Dante’nin cennet anlayışı da benzer biçimde sınırsız özgürlük üzerine değil, ölçü, uyum ve yer bilinci üzerine kuruludur. Her varlık kendi konumunu bilir; her eylem bütünle uyum içindedir. Bu yaklaşım, muhafazakâr düşüncenin temel ilkeleriyle doğrudan örtüşür. Muhafazakârlık, bu anlamda özgürlüğe karşı değil; ölçüsüzlüğe karşıdır. Sınır bilincini, sürekliliği ve ahlaki referansları korumayı amaçlar.

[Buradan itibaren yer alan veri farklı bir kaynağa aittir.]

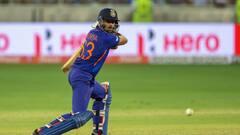 Asia Cup 2022: চলতি এশিয়া কাপে এখনও অবধি সর্বাধিক রান করেছেন কোন ক্রিকেটাররা?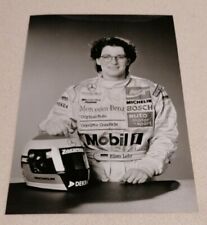 Foto ellen lohr gebraucht kaufen  Mannheim
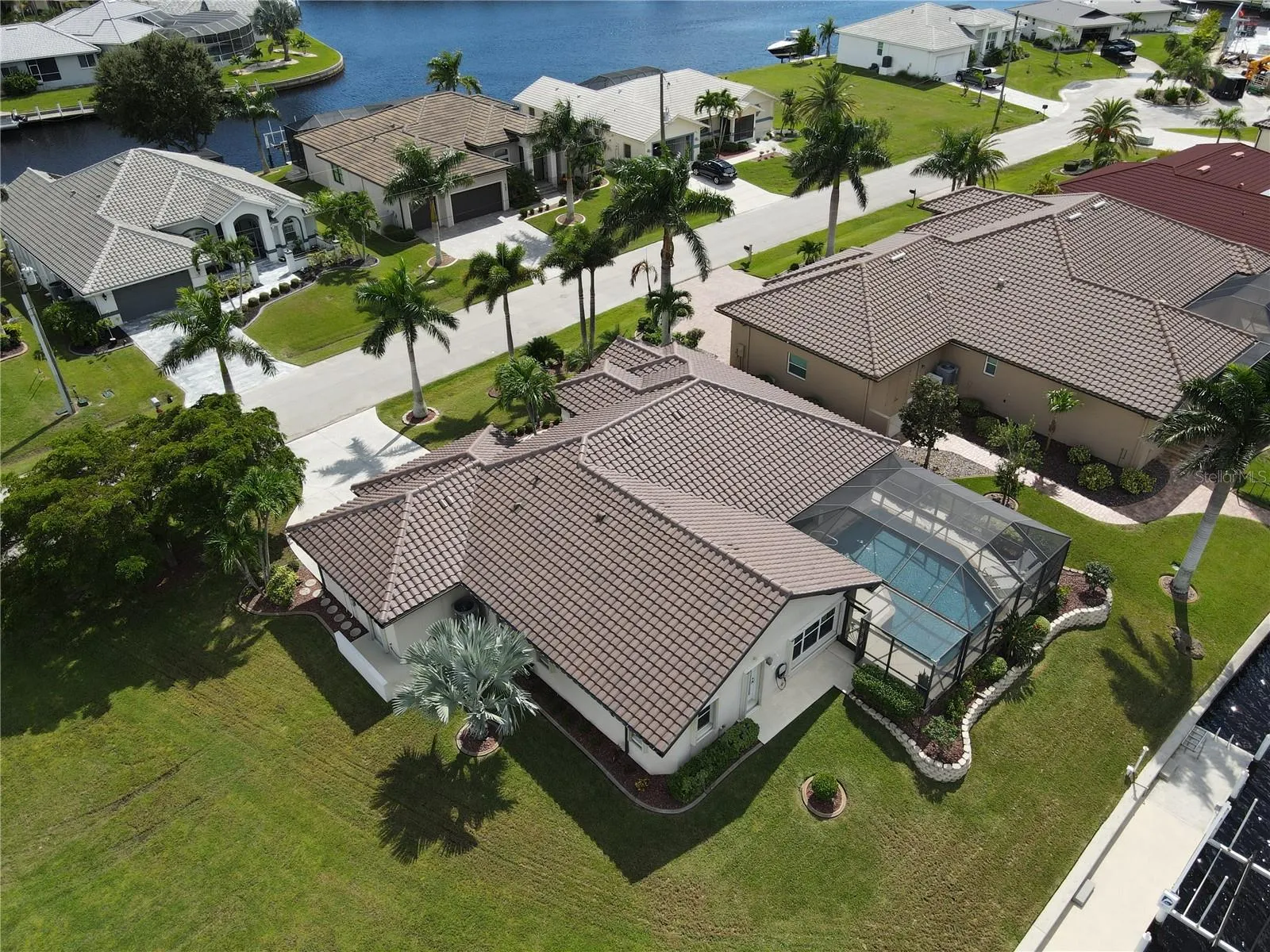 340 SANTANDER CT
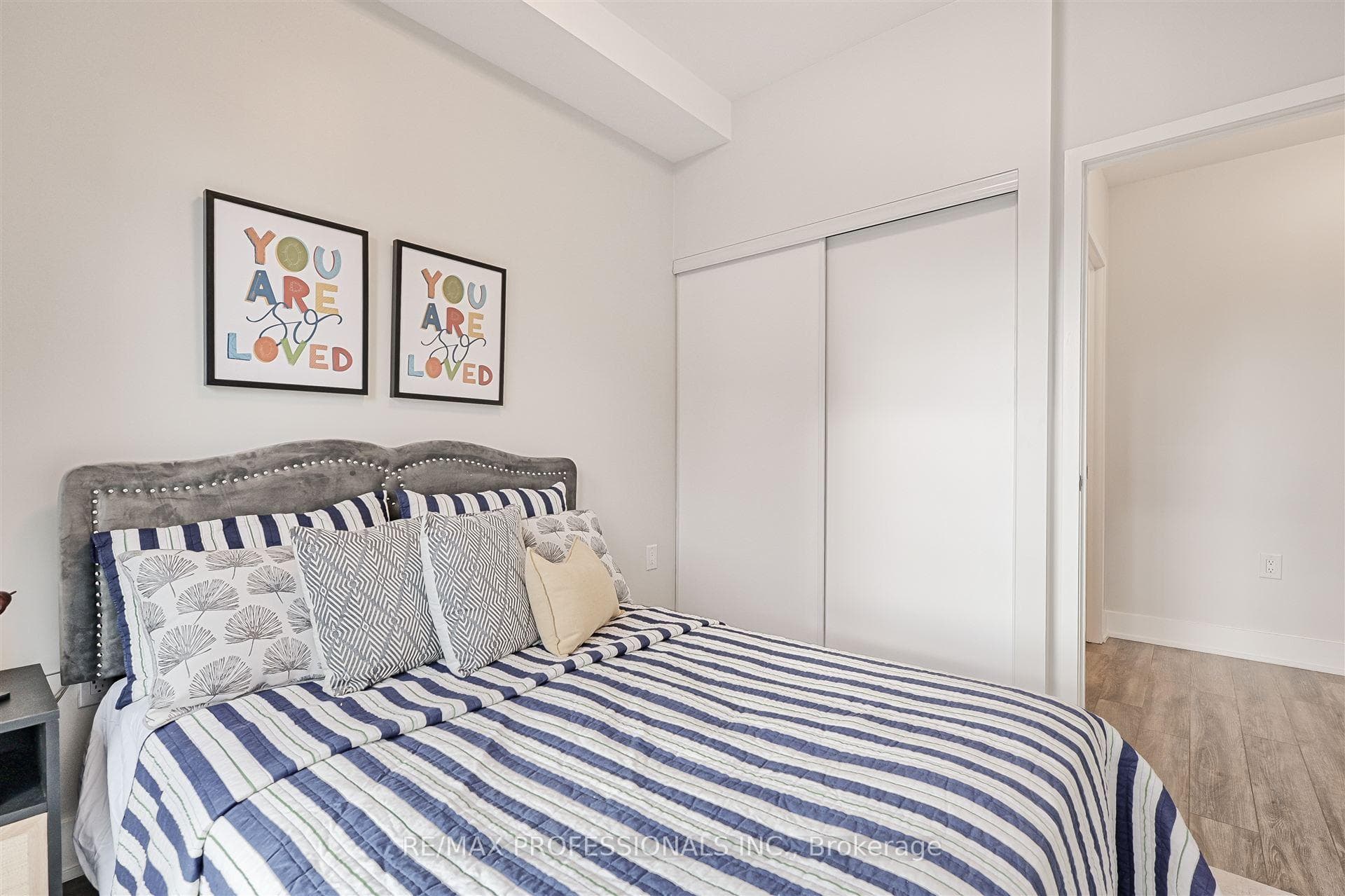 62 Dixfield Drive Unit 114 photo 17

Muhafazakârlığın sıkça “geçmişe özlem” olarak sunulması, kavramın yüzeysel okunmasından kaynaklanır. Oysa muhafazakârlık, geçmişi idealize etmekten çok, toplumsal hafızayı ve değer sürekliliğini koruma çabasıdır. Her şeyin yapılabilir, her isteğin meşru ve her talebin hak olarak görüldüğü bir düzene karşı uyarıda bulunur. Bu yönüyle muhafazakârlık, kaotik dönemlerde düzen kurucu bir işlev üstlenir.

Seküler düşüncenin merkezsizleştirici etkisine karşılık, inanç merkezli bir yaklaşım insanı sınırlı, sorumlu ve anlam arayan bir varlık olarak konumlandırır. İnanç, bireye yalnızca neyi yapabileceğini değil, neyi yapmaması gerektiğini de hatırlatır. Bu sınır bilinci, toplumsal düzenin ahlaki temelini oluşturur. Bu nedenle inanç, modern dünyada yeniden kurucu bir referans olarak ortaya çıkmaktadır.

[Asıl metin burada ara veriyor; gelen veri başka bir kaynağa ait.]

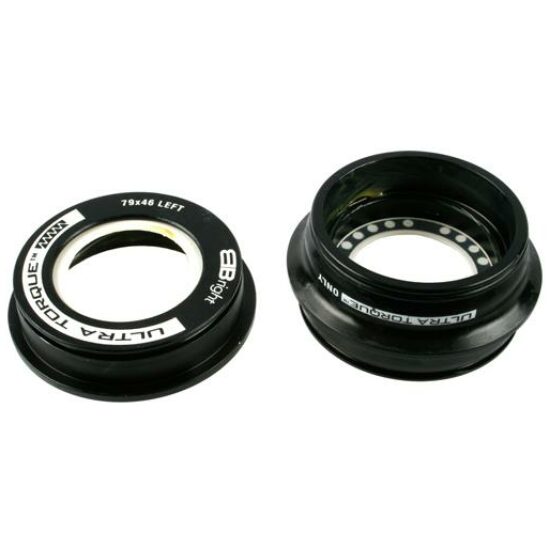 Campagnolo TRAPD CUPS CA BB RIGHT (79X46) GEINT ULTRA TORQUE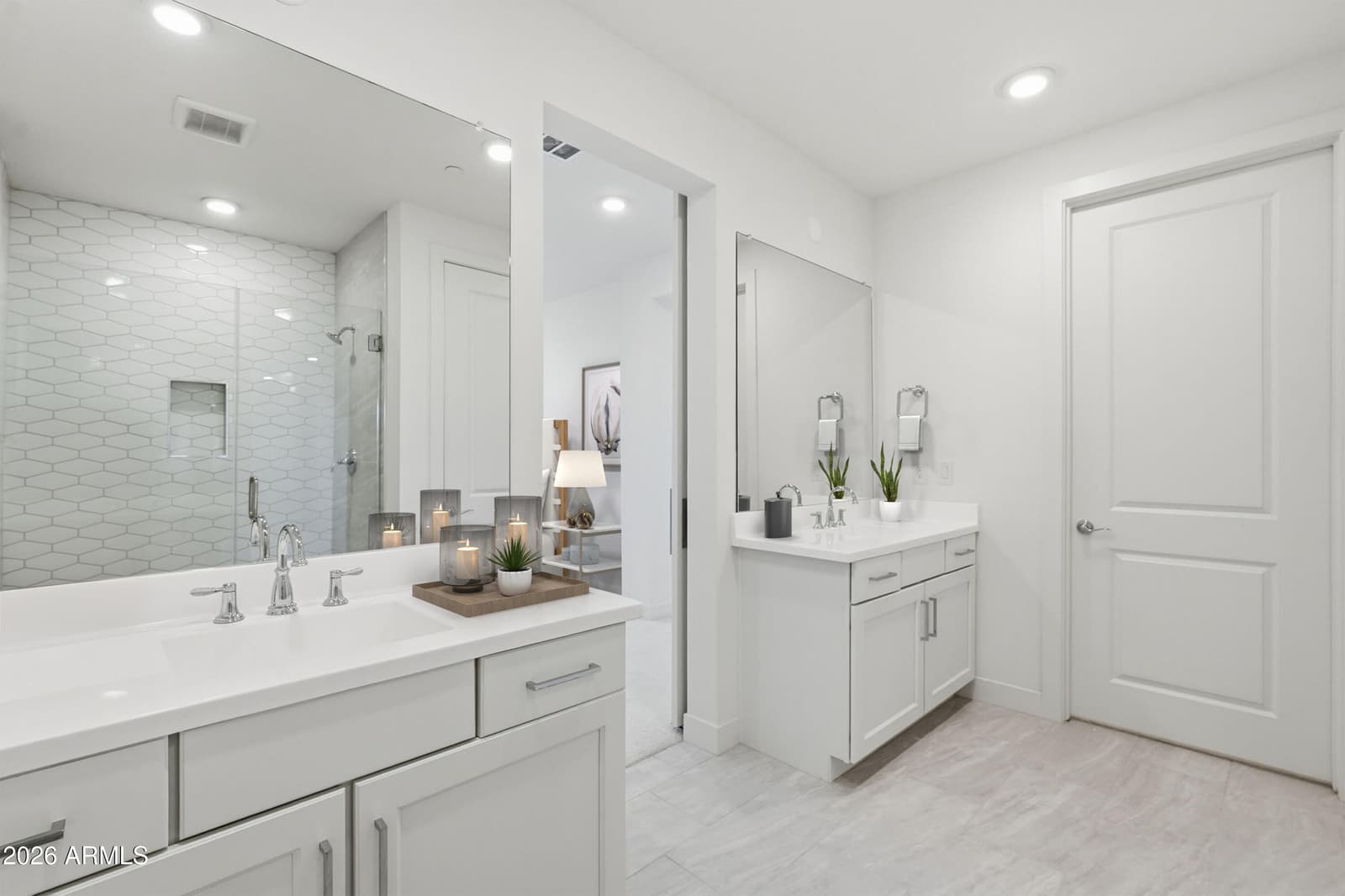2121 W SONORAN DESERT Drive 75, Phoenix, AZ 85085 — photo 12 of 31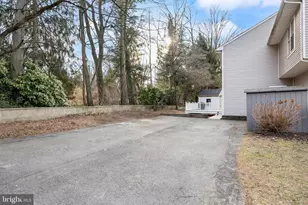 22 Brookdale Dr, Cherry Hill, NJ 08034 - Photo 23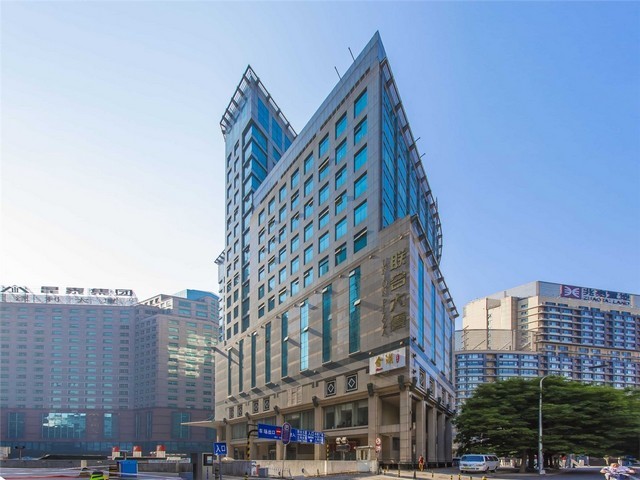 苏州芯片烧录员是干什么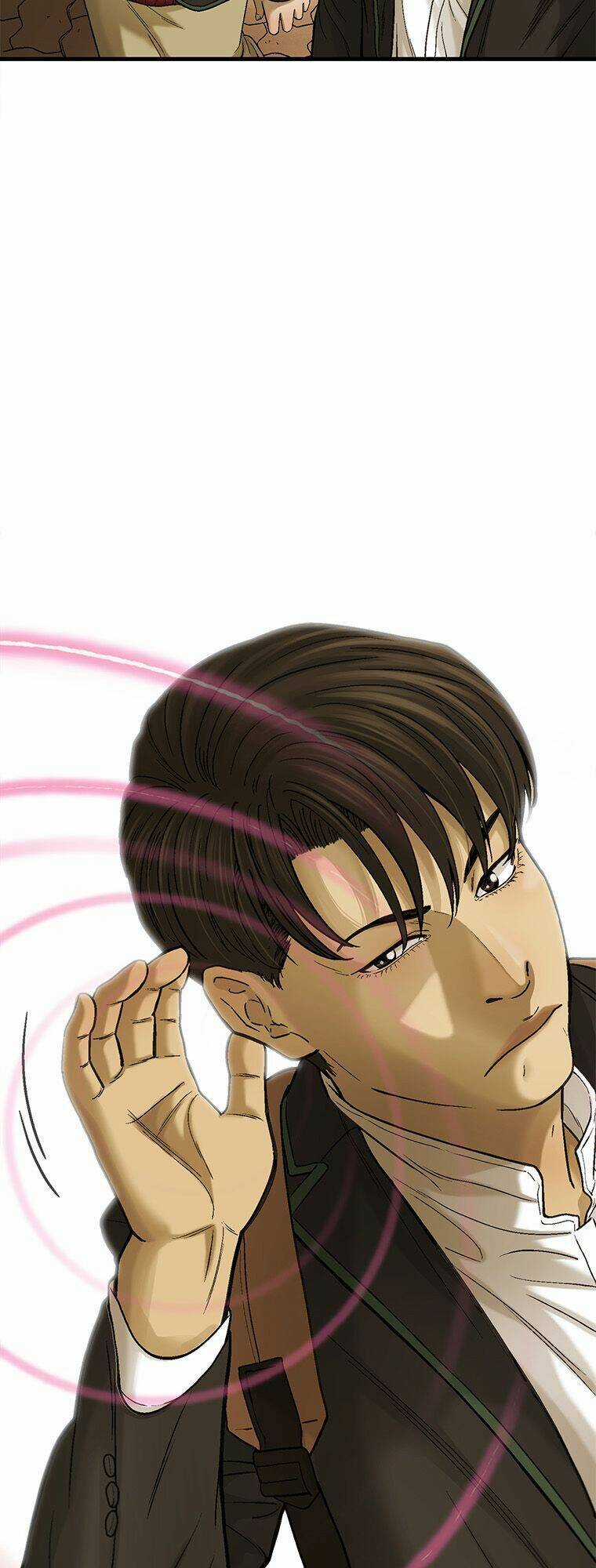 Cell - Chapter 12 - Trang 8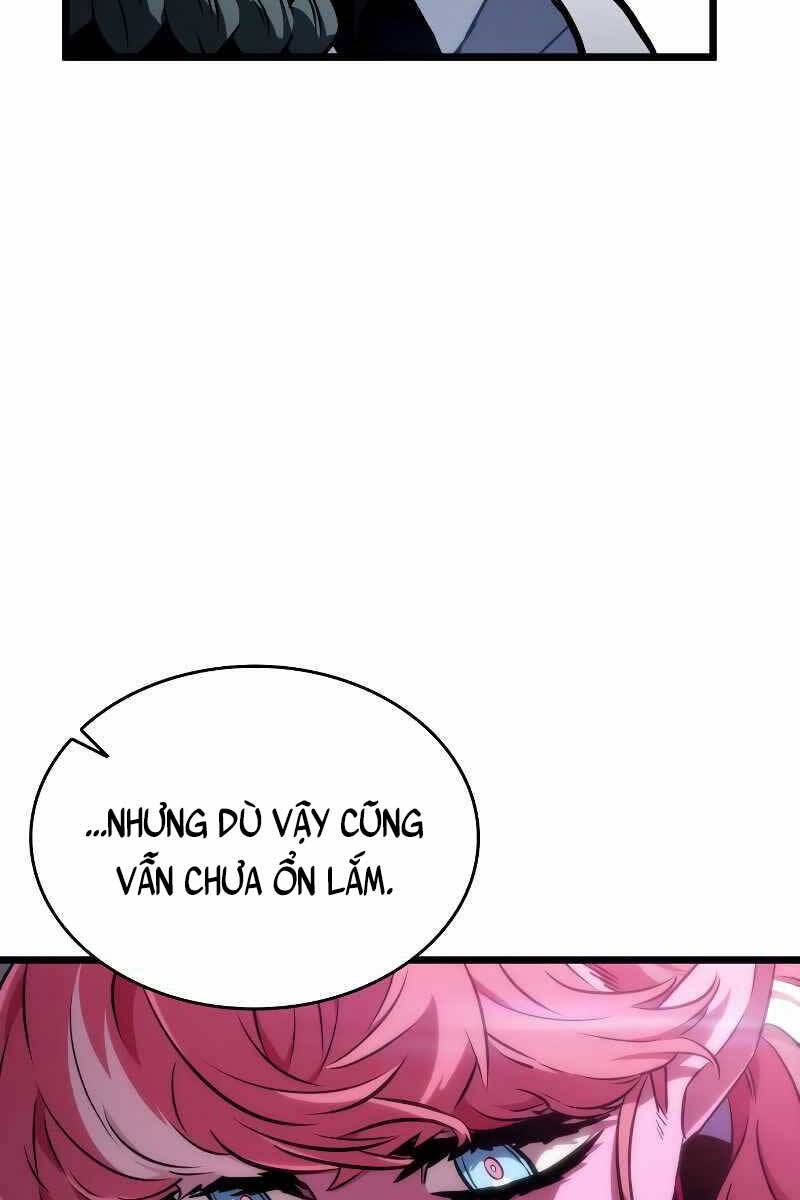 Thế Giới Sau Tận Thế chapter 61 - Upload bởi truyensieuhay.com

Bugün “sağın kazandığı” yönündeki tespit, dar anlamda bir siyasi başarıya indirgenemez. Bu, anlamın, geleneğin ve inancın yeniden merkeze yerleşmesidir. Sekülerlik tarihsel bir evre olarak işlevini yerine getirmiştir; ancak kalıcı bir toplumsal merkez üretme kapasitesi sınırlıdır. Muhafazakârlık ise süreklilik, ahlak ve düzen iddiası taşır.

Sonuç olarak, yeni dünya düzeni inancı dışlayan değil; onu yeniden yorumlayarak merkeze alan bir yönelim göstermektedir. Toplumlar, merkezsiz bir özgürlükten ziyade, anlamlı bir düzen arayışındadır. Tarihsel deneyim göstermektedir ki kalıcı olan, sınırlarını ve değerlerini koruyabilen yapılardır. Merkez, yeniden kurulmaktadır ve bu merkez, seküler bir boşluk değil; inançla beslenen bir anlam alanıdır.